La plénière, présidée par l’honorable président de l’Assemblée provinciale, s’est tenue sous haute surveillance dans l’hémicycle de Mbuji-Mayi. Des tensions ont été enregistrées à l’entrée de l’Assemblée, où plusieurs citoyens s’étaient rassemblés pour exiger des comptes sur la gestion des fonds provinciaux.
Sur les 24 députés présents, 18 ont voté en faveur de la mise en accusation, 4 se sont abstenus et 2 ont voté contre, dénonçant une procédure « précipitée et politisée ». Les partisans du gouverneur ont tenté de bloquer la plénière en évoquant un vice de forme, sans succès.

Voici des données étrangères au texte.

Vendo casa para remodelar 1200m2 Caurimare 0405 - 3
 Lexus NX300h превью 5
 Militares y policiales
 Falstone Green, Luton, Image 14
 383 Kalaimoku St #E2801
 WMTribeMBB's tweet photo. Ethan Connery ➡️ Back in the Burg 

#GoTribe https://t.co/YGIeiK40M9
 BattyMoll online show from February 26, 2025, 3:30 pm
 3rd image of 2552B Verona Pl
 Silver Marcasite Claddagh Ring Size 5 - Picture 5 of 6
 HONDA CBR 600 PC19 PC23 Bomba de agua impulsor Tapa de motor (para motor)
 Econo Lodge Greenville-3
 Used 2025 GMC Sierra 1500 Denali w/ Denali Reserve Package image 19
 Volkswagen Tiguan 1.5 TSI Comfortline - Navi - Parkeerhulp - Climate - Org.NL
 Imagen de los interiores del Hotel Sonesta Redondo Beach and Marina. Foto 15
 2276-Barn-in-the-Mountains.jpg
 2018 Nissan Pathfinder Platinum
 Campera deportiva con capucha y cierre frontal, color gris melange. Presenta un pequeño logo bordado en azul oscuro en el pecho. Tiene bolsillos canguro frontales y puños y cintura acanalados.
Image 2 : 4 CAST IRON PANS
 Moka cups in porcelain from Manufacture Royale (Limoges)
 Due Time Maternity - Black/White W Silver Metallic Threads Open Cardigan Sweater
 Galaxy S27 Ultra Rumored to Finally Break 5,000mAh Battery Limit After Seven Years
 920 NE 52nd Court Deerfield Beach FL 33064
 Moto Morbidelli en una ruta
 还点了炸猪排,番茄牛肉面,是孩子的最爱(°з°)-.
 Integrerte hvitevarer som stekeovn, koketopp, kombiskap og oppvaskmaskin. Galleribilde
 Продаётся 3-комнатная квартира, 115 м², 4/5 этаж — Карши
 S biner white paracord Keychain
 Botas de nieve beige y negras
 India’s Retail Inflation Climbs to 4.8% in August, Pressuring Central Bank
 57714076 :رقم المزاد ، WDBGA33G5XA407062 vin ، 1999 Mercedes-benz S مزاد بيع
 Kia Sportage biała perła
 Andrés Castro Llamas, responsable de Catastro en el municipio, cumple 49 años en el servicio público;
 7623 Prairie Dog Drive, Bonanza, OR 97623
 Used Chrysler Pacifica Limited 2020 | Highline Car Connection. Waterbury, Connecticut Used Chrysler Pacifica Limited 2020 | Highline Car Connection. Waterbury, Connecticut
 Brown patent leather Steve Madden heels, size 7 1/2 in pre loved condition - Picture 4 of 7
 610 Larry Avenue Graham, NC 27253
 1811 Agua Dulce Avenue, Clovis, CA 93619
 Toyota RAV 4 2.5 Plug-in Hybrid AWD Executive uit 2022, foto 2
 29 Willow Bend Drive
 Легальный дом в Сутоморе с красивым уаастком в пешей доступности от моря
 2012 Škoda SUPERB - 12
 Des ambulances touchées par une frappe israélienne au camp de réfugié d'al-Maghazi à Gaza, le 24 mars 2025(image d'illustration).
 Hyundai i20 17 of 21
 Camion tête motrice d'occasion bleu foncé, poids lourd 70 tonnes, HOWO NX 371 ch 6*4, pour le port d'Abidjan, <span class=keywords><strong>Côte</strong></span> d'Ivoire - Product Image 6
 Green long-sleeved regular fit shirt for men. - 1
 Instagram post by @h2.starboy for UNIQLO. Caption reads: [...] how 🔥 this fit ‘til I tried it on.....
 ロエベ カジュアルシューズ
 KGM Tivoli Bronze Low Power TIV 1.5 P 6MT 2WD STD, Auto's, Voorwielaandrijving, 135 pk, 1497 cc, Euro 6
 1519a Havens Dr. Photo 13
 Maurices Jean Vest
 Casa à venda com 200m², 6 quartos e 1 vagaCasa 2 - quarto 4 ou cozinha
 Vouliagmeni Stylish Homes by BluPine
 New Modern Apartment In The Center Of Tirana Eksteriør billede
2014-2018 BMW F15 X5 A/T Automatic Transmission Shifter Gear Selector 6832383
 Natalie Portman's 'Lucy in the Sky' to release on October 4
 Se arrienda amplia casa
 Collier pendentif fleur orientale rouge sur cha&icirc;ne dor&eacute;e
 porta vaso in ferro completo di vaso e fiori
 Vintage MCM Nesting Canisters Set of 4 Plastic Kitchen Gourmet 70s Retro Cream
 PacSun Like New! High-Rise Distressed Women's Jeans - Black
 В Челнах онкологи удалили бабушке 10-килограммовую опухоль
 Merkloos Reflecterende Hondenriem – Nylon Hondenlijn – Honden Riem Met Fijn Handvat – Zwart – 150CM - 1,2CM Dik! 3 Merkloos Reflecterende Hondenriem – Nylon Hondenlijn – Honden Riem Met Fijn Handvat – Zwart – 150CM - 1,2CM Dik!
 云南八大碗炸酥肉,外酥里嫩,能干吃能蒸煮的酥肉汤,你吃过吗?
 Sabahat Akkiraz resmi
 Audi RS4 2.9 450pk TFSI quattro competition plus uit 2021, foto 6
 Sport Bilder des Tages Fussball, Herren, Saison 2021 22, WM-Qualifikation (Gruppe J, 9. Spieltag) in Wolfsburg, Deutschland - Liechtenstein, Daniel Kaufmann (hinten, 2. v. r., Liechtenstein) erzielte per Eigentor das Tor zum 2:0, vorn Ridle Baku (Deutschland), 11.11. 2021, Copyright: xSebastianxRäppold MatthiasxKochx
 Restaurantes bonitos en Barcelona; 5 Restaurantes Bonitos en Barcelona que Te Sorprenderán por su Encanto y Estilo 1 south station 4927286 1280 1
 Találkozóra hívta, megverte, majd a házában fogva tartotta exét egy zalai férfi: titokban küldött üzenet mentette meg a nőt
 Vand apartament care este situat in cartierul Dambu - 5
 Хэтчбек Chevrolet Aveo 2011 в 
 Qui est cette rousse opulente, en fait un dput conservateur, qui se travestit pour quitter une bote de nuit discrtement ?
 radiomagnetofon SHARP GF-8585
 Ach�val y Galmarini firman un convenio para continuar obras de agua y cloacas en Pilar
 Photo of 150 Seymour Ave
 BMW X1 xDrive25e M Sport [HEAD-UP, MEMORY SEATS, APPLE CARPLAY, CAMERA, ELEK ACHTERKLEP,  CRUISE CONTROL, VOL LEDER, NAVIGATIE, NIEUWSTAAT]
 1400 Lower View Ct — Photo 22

Des accusations bien documentées
Le rapport de la commission ad hoc, à la base de cette procédure, a pointé plusieurs irrégularités dans la gestion des 3 millions de dollars transférés à la province par le ministère national du Budget pour la mise en œuvre de projets dans les secteurs des infrastructures, de l’éducation et de la santé.
Parmi les projets non exécutés ou partiellement réalisés figurent :
• La réhabilitation de la route Kalenda Katanda, financée à hauteur de 800 000 dollars, mais laissée à l’état d’abandon ;
• La construction de deux écoles à Miabi, où seuls les travaux de fondation ont été visibles malgré un décaissement total de 500 000 dollars ;
• Un projet d’adduction d’eau à Lupatapata resté sans début d’exécution.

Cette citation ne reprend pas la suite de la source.